Viendo esto decía entre mí: «Sus corazones son puros y sin mancha; están
llenos de ternura y de inocencia como los corazones de los niños inocentes y
piadosos. No se ve en ellos nada de violento, a pesar de estar llenos del fuego
del amor». Yo pensaba: «Estoy muerta; no soy más que un espíritu: de
otro modo no podría ver estas cosas que ya no existen, y que, sin embargo,
existen en este momento. Pero esto no existe en el tiempo, porque en Dios
no hay tiempo: en Dios todo es presente. Yo debo estar muerta; no debo ser
más que un espíritu». Mientras pensaba estas cosas, oi una voz que me dijo:
«¿Qué puede importarte todo esto que piensas? … Contempla y alaba a Dios,
que es Eterno, y en Quien todo es eterno».

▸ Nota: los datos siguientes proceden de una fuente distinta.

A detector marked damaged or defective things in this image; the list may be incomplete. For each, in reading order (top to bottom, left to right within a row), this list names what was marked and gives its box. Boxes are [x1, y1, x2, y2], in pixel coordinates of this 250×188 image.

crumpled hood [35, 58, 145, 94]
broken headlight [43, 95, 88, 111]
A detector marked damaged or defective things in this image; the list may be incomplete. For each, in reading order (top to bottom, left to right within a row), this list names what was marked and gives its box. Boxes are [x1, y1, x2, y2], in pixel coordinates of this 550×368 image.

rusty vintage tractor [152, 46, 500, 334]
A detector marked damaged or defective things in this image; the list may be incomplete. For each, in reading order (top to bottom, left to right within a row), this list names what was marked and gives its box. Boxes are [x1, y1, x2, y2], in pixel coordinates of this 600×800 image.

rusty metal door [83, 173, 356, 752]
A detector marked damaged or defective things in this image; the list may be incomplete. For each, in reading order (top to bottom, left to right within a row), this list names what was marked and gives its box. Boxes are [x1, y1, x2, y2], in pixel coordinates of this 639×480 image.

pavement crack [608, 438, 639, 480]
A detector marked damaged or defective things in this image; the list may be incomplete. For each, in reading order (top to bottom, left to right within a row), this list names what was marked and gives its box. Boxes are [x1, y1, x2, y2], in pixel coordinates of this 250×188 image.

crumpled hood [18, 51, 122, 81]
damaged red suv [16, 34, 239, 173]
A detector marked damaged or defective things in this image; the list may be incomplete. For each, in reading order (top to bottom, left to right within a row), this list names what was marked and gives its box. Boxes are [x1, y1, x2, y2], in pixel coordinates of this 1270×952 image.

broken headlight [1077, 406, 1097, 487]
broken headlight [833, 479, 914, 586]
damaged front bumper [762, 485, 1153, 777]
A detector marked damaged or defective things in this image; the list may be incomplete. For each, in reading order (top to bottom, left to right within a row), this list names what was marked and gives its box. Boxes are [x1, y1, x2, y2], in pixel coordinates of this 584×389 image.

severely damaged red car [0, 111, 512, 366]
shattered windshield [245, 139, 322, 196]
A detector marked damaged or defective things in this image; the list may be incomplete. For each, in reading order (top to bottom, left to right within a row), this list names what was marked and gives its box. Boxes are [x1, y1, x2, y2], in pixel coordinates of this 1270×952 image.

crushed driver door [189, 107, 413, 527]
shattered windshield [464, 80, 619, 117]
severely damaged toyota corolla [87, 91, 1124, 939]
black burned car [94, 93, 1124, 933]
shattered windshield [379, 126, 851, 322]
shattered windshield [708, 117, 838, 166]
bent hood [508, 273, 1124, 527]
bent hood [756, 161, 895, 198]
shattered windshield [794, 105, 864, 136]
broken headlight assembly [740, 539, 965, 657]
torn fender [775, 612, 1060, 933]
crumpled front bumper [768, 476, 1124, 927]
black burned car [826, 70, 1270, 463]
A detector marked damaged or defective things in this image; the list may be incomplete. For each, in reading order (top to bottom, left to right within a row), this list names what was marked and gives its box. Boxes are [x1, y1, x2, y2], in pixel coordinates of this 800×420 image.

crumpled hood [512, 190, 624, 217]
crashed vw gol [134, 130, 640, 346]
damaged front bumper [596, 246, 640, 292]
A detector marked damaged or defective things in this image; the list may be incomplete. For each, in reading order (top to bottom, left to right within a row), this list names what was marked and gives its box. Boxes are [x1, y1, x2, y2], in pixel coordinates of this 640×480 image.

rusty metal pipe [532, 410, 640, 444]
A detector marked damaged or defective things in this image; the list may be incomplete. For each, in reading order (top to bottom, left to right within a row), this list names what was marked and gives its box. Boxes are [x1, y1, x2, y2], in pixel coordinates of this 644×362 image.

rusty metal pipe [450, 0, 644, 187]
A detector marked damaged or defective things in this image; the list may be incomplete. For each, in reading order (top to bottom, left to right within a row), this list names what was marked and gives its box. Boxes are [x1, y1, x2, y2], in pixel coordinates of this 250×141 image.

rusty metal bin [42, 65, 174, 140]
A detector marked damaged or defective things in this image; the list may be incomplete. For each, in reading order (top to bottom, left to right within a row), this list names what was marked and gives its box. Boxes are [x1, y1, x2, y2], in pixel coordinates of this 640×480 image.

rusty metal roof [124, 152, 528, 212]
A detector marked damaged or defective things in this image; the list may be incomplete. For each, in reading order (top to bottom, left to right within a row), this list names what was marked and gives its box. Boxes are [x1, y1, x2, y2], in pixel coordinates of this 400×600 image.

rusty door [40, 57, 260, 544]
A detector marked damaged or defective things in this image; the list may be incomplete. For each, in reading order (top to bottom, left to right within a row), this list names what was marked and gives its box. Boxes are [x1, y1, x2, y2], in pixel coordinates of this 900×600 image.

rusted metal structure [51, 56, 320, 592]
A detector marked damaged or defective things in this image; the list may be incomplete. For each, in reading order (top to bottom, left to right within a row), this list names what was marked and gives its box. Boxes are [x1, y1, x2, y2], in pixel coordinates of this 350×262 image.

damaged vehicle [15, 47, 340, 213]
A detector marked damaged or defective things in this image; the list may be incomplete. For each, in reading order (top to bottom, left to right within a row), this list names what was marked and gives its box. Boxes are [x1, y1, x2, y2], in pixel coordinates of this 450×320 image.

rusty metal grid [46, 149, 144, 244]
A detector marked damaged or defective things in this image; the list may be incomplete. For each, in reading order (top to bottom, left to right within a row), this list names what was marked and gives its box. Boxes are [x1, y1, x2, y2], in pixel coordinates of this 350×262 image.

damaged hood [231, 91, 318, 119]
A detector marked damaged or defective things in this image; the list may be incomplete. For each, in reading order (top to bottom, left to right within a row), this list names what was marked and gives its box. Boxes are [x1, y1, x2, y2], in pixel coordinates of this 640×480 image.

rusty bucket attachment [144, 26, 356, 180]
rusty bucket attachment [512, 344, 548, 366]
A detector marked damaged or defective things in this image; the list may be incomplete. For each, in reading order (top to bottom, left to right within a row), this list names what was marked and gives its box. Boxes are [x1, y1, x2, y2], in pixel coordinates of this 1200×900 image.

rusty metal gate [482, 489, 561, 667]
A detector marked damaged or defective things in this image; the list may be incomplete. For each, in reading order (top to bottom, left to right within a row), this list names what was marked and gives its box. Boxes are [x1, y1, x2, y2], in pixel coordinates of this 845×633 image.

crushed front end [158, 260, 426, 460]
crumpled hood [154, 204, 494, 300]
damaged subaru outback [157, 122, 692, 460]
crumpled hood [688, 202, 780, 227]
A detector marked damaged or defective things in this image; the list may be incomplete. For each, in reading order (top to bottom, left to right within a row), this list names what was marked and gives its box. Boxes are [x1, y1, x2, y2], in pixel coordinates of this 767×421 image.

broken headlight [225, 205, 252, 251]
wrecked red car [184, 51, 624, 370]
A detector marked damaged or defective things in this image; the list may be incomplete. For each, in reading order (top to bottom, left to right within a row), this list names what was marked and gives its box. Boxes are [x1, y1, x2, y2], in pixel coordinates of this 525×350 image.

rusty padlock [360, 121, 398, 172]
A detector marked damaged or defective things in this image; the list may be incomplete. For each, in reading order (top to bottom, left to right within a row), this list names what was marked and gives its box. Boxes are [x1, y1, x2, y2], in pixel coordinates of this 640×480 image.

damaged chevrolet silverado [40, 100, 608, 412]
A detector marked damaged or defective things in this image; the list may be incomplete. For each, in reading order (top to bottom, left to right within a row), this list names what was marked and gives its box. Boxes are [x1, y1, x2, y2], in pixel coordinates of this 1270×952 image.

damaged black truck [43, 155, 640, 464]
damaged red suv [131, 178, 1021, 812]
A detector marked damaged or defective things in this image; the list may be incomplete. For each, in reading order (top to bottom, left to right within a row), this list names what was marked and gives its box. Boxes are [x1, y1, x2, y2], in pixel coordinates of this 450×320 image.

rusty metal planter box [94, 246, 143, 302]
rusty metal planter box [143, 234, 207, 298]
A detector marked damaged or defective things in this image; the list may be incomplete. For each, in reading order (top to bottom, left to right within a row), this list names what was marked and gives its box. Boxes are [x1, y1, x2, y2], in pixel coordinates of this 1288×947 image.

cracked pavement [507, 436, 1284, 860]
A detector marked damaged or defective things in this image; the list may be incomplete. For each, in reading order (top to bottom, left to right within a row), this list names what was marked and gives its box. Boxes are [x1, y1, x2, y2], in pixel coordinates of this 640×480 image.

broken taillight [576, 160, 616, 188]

Vi que el rey Mensor sacaba de una bolsa, colgada de la cintura, un puñado
de barritas compactas del tamaño de un dedo, pesadas, afiladas en la extremidad,
que brillaban como oro. Era su obsequio. Lo colocó humildemente
sobre las rodillas de María, al lado del Niño Jesús. María tomó el regalo con
un agradecimiento lleno de sencillez y de gracia, y lo cubrió con el extremo
de su manto. Mensor ofrecía las pequeñas barras de oro virgen, porque era
sincero y caritativo, buscando la verdad con ardor constante e inquebrantable.
Después se retiró, retrocediendo, con sus cuatro acompañantes; míen-
tras Sair, el rey cetrino, se adelantaba con los suyos y se arrodillaba con profunda
humildad, ofreciendo su presente con expresiones muy conmovedoras.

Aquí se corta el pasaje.